Insofar as it is provided for the entire adhesive closure part to be furnished with fluorine, this plays no part while foaming, in particular, so long as the adhesive elements 10 are covered, in the form, for instance, of a separable film or the like. In such a case, the application of foam to the adhesive elements 10 is effectively avoided by the covering and bonding with the foamed material takes place only across the rear side of the respective closure part treated in this way.

Claims

What is claimed is:

1. Process for manufacturing a fastening part for a foam material having adhesive elements on one side of the fastening part to connect with corresponding adhesive elements of another fastening part, and a connecting element in the nature of an adhesive medium on the other side of the fastening part to produce a connection with the foam material, wherein the adhesive medium is a laid-in component of the fastening part and consists of fluorine, said process comprising the following step:

applying a fluorine gas in a nitrogen atmosphere;

wherein the applying step is a continuous operation with 3 percent fluorine at room temperature and at a reduced pressure.

2. Process in accordance with claim 1, wherein the reduced pressure is 650 mbar.

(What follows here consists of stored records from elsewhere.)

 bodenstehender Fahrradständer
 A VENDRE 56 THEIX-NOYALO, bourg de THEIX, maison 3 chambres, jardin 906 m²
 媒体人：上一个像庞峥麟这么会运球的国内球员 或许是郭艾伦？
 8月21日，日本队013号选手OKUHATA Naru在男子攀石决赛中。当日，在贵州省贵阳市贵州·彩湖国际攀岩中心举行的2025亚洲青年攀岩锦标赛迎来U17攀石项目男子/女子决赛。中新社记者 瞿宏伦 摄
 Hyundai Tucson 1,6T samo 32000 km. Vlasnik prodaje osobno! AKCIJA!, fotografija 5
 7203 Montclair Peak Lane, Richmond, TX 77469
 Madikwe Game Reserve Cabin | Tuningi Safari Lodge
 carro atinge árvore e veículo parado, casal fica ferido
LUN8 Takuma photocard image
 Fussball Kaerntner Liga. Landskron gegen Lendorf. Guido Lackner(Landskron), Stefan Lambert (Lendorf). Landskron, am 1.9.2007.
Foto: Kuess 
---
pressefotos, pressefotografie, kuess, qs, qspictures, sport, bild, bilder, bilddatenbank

3. Process for manufacturing a polyolefin fastening part for a foam material having adhesive elements on one side of the fastening part to connect with corresponding adhesive elements of another fastening part, and a connecting element in the nature of an adhesive medium on the other side of the fastening part to produce a connection with the foam material, wherein the adhesive medium is a laid-in component of the fastening part and consists of fluorine, said process comprising the following step:

applying a fluorine gas in a nitrogen atmosphere;

4. Process in accordance with claim 3, wherein the reduced pressure is 650 mbar.

5. Process for manufacturing a fastening part for a foam material having adhesive elements on one side of the fastening part to connect with corresponding adhesive elements of another fastening part, and a connecting element in the nature of an adhesive medium on the other side of the fastening part to produce a connection with the foam material, wherein the adhesive medium is a laid-in component of the fastening part and consists of fluorine, said process comprising the following step:

applying a fluorine gas in a nitrogen atmosphere;

wherein the applying step is a discontinuous operation with 10 percent fluorine at 40 to 50° C. and at a reduced pressure.

6. Process in accordance with claim 5, wherein the reduced pressure is 650 mbar.

7. Process for manufacturing a polyolefin fastening part for a foam material having adhesive elements on one side of the fastening part to connect with corresponding adhesive elements of another fastening part, and a connecting element in the nature of an adhesive medium on the other side of the fastening part to produce a connection with the foam material, wherein the adhesive medium is a laid-in component of the fastening part and consists of fluorine, said process comprising the following step:

applying a fluorine gas in a nitrogen atmosphere;

8. Process in accordance with claim 7, wherein the reduced pressure is 650 mbar.